In common with many fan groupings, Doctor Who fans appear to have a very liberal understanding of UK and international copyright laws.
Visit most Doctor Who sites and you’ll be greeted with a combination of copyright images, sound clips, text and video grabs, all displayed without permission from the BBC.
Some site owners attempt to justify these breaches of copyright with a disclaimer that the site is “non commercial” seeming to believe that this mitigates their unauthorised presence on the site.
For the most part the BBC seem to have adopted a very tolerant stance with the only rumoured action on their part being against sites and E-Bay auctions offering high quality files containing episodes and/or elements produced specifically for their DVD releases.

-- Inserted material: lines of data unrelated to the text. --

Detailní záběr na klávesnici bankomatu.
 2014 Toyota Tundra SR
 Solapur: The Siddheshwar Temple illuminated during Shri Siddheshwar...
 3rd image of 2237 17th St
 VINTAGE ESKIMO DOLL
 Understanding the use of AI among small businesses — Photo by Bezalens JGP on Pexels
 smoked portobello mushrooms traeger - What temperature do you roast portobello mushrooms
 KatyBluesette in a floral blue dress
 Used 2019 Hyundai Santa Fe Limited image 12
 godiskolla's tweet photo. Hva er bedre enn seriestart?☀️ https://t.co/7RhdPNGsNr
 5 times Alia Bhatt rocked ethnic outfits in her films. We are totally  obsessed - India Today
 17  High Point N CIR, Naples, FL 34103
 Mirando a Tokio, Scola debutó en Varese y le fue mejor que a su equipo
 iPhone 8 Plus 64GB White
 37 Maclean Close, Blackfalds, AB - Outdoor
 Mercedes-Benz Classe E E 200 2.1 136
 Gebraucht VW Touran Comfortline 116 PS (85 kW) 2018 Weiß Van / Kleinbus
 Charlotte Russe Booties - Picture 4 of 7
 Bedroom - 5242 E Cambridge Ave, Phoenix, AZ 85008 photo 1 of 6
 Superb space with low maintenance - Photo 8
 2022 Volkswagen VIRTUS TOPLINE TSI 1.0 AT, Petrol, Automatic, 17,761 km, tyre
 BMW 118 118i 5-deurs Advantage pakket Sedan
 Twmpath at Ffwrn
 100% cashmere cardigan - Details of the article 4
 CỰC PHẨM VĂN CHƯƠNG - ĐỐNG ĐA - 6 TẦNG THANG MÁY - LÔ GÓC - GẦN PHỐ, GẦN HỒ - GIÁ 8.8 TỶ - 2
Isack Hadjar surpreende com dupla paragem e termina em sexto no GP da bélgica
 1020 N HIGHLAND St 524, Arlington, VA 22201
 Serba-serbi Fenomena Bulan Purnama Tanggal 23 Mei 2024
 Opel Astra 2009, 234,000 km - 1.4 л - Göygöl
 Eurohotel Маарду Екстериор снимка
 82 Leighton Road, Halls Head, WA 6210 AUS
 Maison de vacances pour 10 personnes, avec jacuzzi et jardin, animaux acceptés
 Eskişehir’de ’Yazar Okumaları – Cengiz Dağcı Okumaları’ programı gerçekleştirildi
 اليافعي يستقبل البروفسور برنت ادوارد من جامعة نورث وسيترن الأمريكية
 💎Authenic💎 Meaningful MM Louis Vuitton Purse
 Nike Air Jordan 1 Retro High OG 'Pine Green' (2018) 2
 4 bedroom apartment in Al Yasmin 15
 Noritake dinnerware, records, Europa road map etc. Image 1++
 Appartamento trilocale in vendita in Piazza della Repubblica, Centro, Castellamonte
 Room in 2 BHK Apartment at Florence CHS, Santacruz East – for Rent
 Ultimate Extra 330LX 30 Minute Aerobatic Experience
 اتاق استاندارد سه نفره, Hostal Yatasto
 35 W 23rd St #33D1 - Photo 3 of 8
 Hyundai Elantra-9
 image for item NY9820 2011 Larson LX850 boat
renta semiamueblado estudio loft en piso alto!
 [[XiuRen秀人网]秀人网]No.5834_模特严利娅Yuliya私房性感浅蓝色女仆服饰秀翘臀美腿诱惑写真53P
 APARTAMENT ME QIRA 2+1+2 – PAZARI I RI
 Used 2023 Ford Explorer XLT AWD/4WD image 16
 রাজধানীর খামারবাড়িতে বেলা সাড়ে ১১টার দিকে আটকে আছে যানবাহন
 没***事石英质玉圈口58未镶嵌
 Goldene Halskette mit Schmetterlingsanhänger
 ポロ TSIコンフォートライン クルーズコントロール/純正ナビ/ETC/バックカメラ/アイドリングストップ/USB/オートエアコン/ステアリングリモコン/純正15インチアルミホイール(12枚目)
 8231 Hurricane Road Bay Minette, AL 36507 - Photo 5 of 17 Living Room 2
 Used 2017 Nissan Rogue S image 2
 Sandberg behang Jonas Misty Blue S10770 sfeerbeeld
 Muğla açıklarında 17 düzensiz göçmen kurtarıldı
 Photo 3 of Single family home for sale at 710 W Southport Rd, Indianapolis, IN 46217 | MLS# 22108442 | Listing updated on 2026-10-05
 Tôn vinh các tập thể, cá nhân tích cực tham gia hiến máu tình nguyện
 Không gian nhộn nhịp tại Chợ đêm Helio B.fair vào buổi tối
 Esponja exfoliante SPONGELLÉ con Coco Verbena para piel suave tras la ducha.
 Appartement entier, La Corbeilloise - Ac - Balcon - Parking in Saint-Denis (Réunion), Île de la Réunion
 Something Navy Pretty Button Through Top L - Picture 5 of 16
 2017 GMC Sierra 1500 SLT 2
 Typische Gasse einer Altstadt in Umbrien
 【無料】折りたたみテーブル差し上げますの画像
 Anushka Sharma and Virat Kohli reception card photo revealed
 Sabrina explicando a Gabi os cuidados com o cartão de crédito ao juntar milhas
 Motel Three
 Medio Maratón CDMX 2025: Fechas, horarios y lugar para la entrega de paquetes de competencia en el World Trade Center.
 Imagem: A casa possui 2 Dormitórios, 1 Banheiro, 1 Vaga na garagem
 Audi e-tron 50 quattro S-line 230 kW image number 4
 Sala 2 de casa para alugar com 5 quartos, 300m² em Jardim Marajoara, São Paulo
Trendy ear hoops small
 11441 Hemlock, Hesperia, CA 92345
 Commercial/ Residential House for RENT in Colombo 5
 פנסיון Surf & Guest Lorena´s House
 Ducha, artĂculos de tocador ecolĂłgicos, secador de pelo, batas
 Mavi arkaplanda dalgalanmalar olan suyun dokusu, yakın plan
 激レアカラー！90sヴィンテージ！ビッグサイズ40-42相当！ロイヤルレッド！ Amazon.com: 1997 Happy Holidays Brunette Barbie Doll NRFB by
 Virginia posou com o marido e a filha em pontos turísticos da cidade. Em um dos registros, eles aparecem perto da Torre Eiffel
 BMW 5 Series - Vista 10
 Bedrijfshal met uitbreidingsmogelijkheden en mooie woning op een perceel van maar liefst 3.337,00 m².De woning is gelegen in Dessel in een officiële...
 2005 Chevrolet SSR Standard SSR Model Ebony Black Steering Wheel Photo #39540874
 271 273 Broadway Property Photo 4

Offline, Who fans have long traded multi-generation copies of episodes. Only the commercial availability of high quality VHS and DVD releases killed off that activity.
The imminent airing of the new series of Doctor raises the prospect of a revival in the trading in new episodes of the series. Whereas the ‘tape swappers’ of yesterday were largely restricted by geographical constraints and poor quality, multi generation copies file swappers in the digital broadband era have no such limitations.
Recent postings on web forums and newsgroups show that, within hours of the series premiering on BBC1 someone will have uploaded high quality copies to P2P networks.
Any delays in broadcasting the show in countries such as Australia and the US, both home to relatively large groups of fans, will increase demand for illicit copies.
As high profile campaigns in the UK and US have shown many file swappers simply refuse to accept that their actions are wrong. All manner of justifications are offered; one US fan recently attempted to justify their intent to obtain unauthorised copies with the statement that “no-one’s going to loose money” from it and therefore it was ok. They went on to brand protests against such action “as just down right petty”.
Given the well known decline in CD and DVD sales attributed to online file swapping it is lucky that the BBC aren’t likely to base the future of the show (or it’s quite large budget) on commercial receipts from spin-off merchandise.
It’s just a shame that the ‘fans’ prepared to engage in such activities have so little regard for the law and precious little understanding of ‘right’ and ‘wrong’.